While the Combined Colleges and Campuses Marooners thrilled their supporters by convincingly beating the Guyana Jaguars in the final Sunday at Kensington Oval, Bajan fans had to lament the fact that the battle for one-day cricket supremacy was being played in their venue, minus them.
In fact, on their way to winning the final the CCC Marooners comprehensively clipped the wings of Barbados Pride along with the other big names, Jamaica Scorpions, and Trinidad and Tobago Red Force.
“It was rather disappointing that CCC which have players that failed to make their national teams defeated Barbados Pride.
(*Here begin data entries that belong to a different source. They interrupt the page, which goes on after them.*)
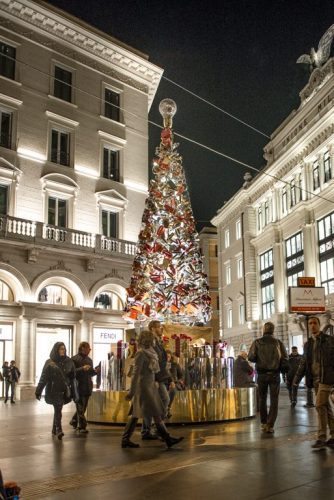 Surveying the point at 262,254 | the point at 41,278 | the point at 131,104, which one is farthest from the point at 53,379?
the point at 262,254

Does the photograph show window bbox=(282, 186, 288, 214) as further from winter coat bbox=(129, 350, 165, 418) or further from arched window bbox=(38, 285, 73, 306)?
winter coat bbox=(129, 350, 165, 418)

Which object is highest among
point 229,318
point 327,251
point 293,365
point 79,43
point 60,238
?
point 79,43

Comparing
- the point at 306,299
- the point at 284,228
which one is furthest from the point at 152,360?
the point at 284,228

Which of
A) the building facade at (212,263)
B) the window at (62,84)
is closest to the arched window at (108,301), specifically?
the window at (62,84)

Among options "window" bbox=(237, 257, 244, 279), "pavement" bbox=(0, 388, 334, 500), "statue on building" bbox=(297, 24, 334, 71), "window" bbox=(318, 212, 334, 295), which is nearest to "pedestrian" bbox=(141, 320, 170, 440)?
"pavement" bbox=(0, 388, 334, 500)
We have cricketers on this island who are good enough to beat CCC any day,” fumed former West Indies fast bowler and Barbados player, Tino Best.
“I think the chairman and his panel have to mix youth with experience,” Best told Barbados Today newspaper, as he contended that in picking the team selectors should be firm in their minds on whether their focus is on victory or developing young talent.
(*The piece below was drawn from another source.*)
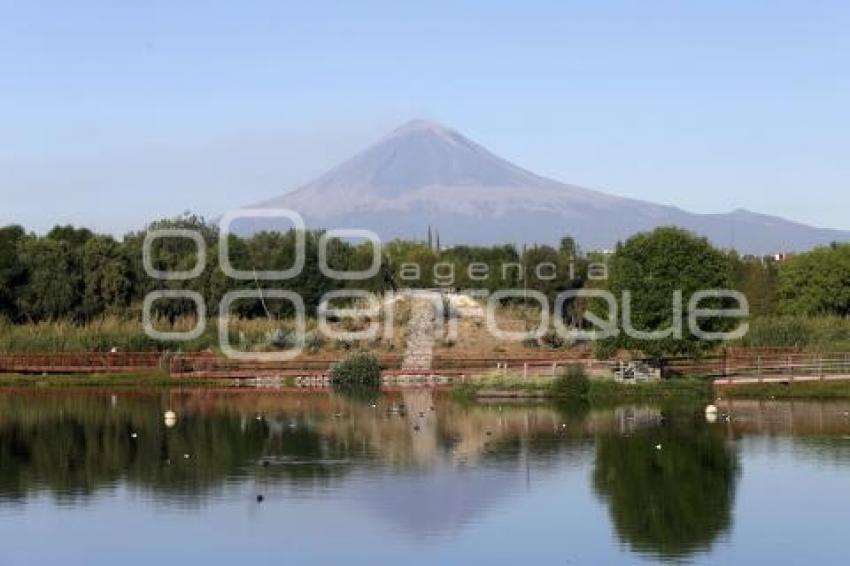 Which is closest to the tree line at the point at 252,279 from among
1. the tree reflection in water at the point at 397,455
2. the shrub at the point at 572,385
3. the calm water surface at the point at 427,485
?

“If the reason for participating in the Super50 is to expose young cricketers that is okay. But if it is the intention of Barbados Pride to win the tournament, they got to play guys with experience in this form of cricket… It was lacking an experienced player at the top of the order and in the middle order.”
Barbados Pride won the Super50 competition in 2016 and finished second last year.
But for the 2018 season the team did not qualify for the playoffs and placed third in Group B, ranking above Leeward Islands and USA teams only.
Five of Barbados’ top players, Jason Holder, Kraigg Brathwaite, Roston Chase, Kemar Roach and Shane Dowrich, are doing duty with the West Indies team in India but Pride’s coach Emmerson Trotman told the Nation newspaper, “it is no point harping about the senior players being away in India. I am not buying that. Guys have been chosen that were good enough.”
“We could have done a lot better. We trained hard, but we just didn’t click as a unit and put it together and that is one of the reasons why we didn’t perform up to the required well.
“We needed some good starts which we really didn’t get. We have got some useful players in the side, but they just need to put their heads down and bat properly.
“That is the area where we really fell short, where the batting and shot selection were concerned.
“We missed some vital chances as well.”
In spite of the overall dismal performance Barbados Pride did not come away empty-handed as veteran batsman, Johnathan Carter, out-scored all batsmen this season with 351 runs and earned the Sir Vivian Richard Best Batsman Award.